REQUIREMENT |
A verbatim reproduction of the lines below, from the line containing "مملوكة مسبقًا Dior" through the line containing "golden champagne Druzy", both ends included, is the whole required output.

INFORMATION PROVIDED |

((

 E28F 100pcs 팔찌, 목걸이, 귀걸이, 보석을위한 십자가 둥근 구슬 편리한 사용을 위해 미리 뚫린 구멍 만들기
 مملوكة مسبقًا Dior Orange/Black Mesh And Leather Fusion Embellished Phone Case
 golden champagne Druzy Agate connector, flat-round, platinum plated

))
((

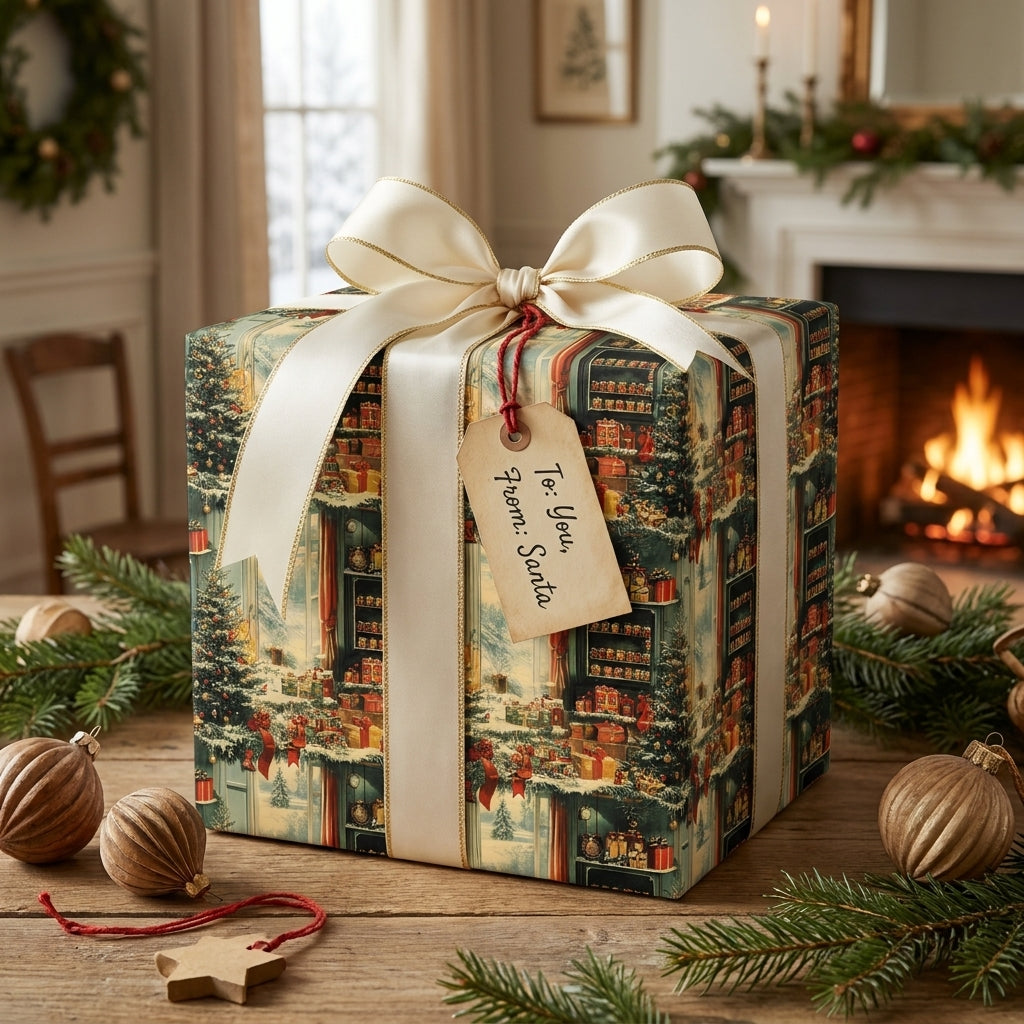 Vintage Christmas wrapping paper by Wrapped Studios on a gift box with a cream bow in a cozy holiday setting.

))

RESPONSE |
 مملوكة مسبقًا Dior Orange/Black Mesh And Leather Fusion Embellished Phone Case
 golden champagne Druzy Agate connector, flat-round, platinum plated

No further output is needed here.